The National Debt Clock overflowed and the electronic dollar sign is now being used for the extra digit, with an improvised currency-indicative device, until such time as the clock can be replaced.
I heard about this the other night, and while my second thought was about how sad and funny it is at the same time, my first was “We have an electronic clock for keeping track of this? Why?”
Because NYC has everything. How you doin.
No disrespeck.
I think it’s hillarious that even the people who were so negative about the government that they paid for and installed a debt clock to shame it were wrong about how big that debt would actually get.
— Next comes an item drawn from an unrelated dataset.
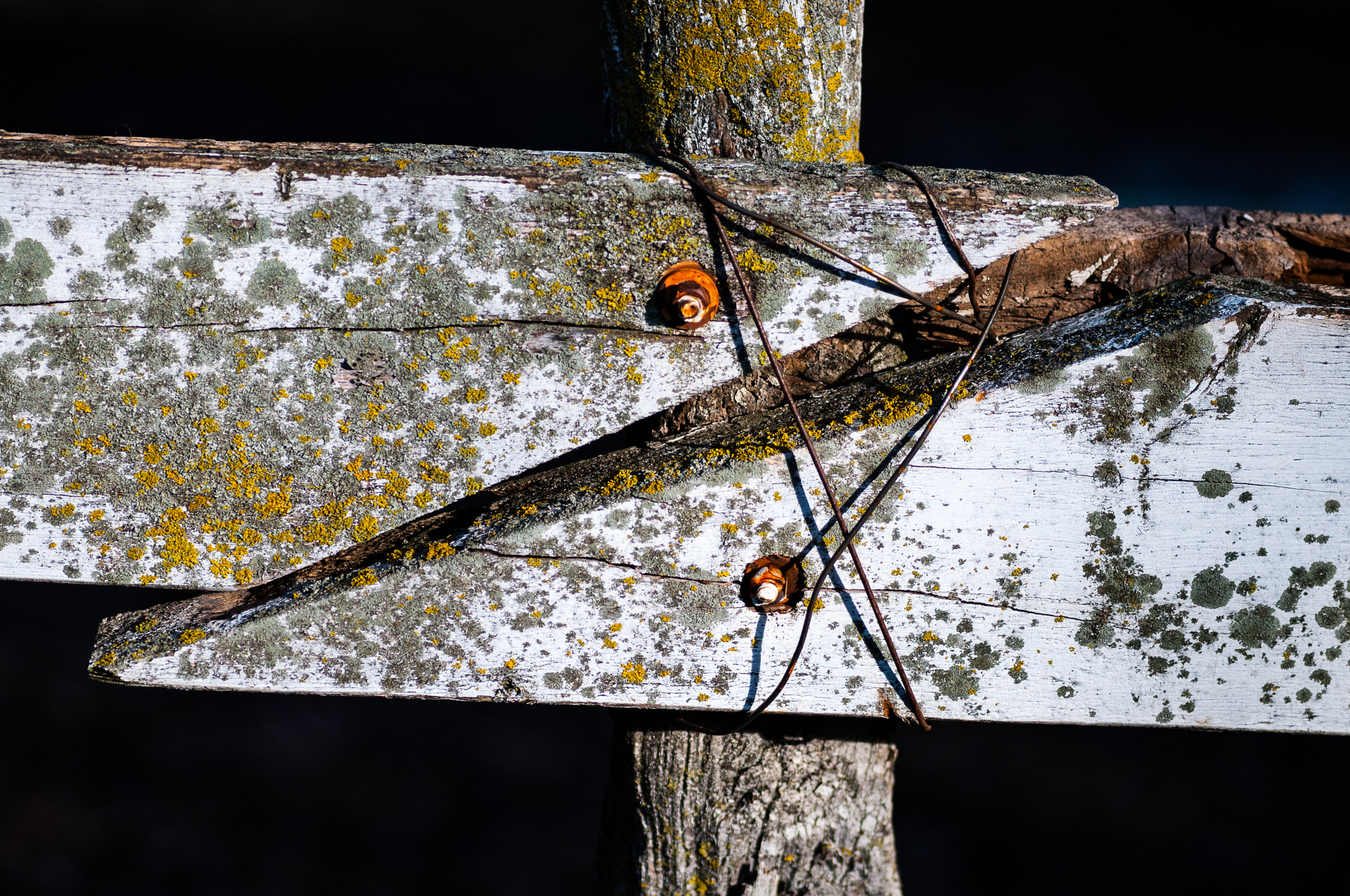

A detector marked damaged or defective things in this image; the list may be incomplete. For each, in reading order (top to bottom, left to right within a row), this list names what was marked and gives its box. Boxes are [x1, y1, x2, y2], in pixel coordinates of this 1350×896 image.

rusty bolt [659, 260, 722, 329]
rusty wire [646, 149, 1012, 733]
rusty bolt [744, 556, 796, 611]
Yeah, that’s what makes it interesting.
It’s a Moneyokalpyse.
It’s like Y2k but, uh, for D10T.
Because the number 1 trillion is simply too large for most people to even begin to grasp. Having a clock that visually counts these numbers helps people wrap their heads around the notion of just how large the debt is. Analogies like how many stacks of $1 bills would reach the moon and back just don’t cut it.
I would display it in dollars per person - right now we’re around $30400 per person in debt. That’s a lot scarier because it’s easier to think about.
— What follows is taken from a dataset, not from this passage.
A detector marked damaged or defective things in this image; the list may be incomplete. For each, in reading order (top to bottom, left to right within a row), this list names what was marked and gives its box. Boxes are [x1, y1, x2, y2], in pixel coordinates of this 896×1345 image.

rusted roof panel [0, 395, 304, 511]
Well, but that doesn’t make aaaany sense. “Here is this huge, incomprehensible number! By putting it up on a billboard, people will see the numerals and grasp its enormity!”
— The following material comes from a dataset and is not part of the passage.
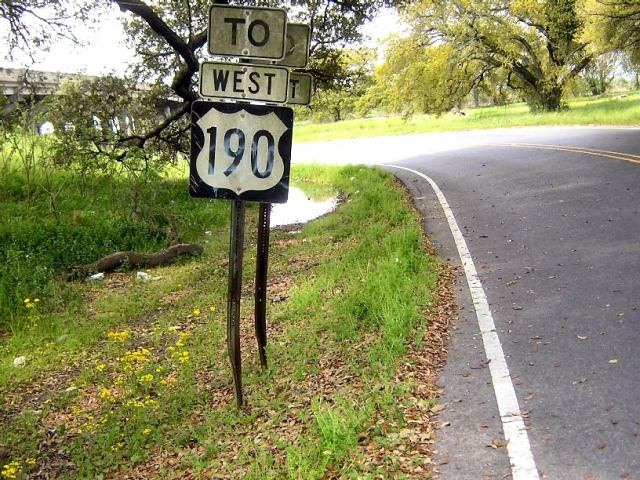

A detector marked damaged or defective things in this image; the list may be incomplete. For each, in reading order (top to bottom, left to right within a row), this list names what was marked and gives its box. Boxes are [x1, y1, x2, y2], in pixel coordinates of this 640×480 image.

rusted metal pole [226, 201, 244, 406]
I would display it in dollars per person - right now we’re at around $30400 per person. That’s a lot scarier because it’s easier to think about.
Yeah, actually, that’s what the clock does. It says “Your share:”
RIP Debtklok…
I was once in a cab stuck in traffic around union square and I found myself hypnotized by those numbers. Then I remembered what it meant and got back to feeling sick to my stomach.
Oh! Well, good job, Debtclock!
Wait, what? If I tell you a huge number out loud it won’t mean much of anything to you, but if I write it down it will? That thing could be counting Bill Gates’ net worth or flies that have landed on it or pizzas sold statewide year-to-date; it could be ten trillion or a hundred trillion or a hundred million and it would still be more money than most people could fathom.
Agreed, debt-per-capita is extremely useful in helping people grasp the amount of debt we are currently on-the-hook for.
Well if you (plural) take what I said and then add lolling hyperbole, of course it doesn’t make sense. But yes, visualizing a number helps a person grasp it’s enormity. For instance, if you try and imagine a smaller number, like say $1 billion, you end up thinking in terms of what you could buy with it, because the number itself is just out of our mind’s range.
However, if I were to say that this is $1 million dollars, and $1 billion equals 1000 of these cubes, and that the USA spends 1000 of these cubes every 20 minutes (or whatever) this perspective might help someone grok it.
Or to put your lol-example in perspective, writing the words “1000 pizzas” doesn’t really have the same visual communicative impact that showing someone a stack of 1000 pizza boxes would.
I wonder how they consider how many significant digits to add to the debt clock… “This is how bad we think it will get”.
I… don’t really see how. Seems like you’re asking people to do a lot of math there.
Or to put your lol-example in perspective, writing the words “1000 pizzas” doesn’t really have the same visual communicative impact that showing someone a stack of 1000 pizza boxes would.
Except that writing a number down isn’t that kind of visual at all, and you said in the post we were responding to that visual analogies “don’t cut it.”
I’m not asking them to do math, I’m asking them to visualize. Here’s this big cube. Can you imagine 1000 of these? (barely) Now think about 1000 of these being spent every 15 minutes! etc.
The number visually scrolling on a board where you can see it growing by the second, as the debtclock does, is a visualization tool. Writing down a static number doesn’t cut it.
I don’t think the scrolling billboard cuts it either, though. It’s still a number people can’t comprehend, whether it’s changing or not.
Do anything for Debtklok
Do anything for Debtklok
Do anything for Debtklok
Do anything for Debtklok
Do anything for Debtklok
Debtklok, Debtklok, Debtklok, Debtklok
I’ll, Teach you, to, borrow…
Debtklok, Debtklok
Big bailout for A.I.G.
But Lehman Brothers you’re history
Freddy Mac and Fannie Mae, Fannie Mae,Fannie Mae
W, the Decider, doodily doo. (Ding-dong, doodily, doodily, doo.)
Credit Explosion
Debtklok, Debtklok, Debtklok, Debtklok
1,000,000 seconds is ~11 days. 1,000,000,000 seconds is 37 years.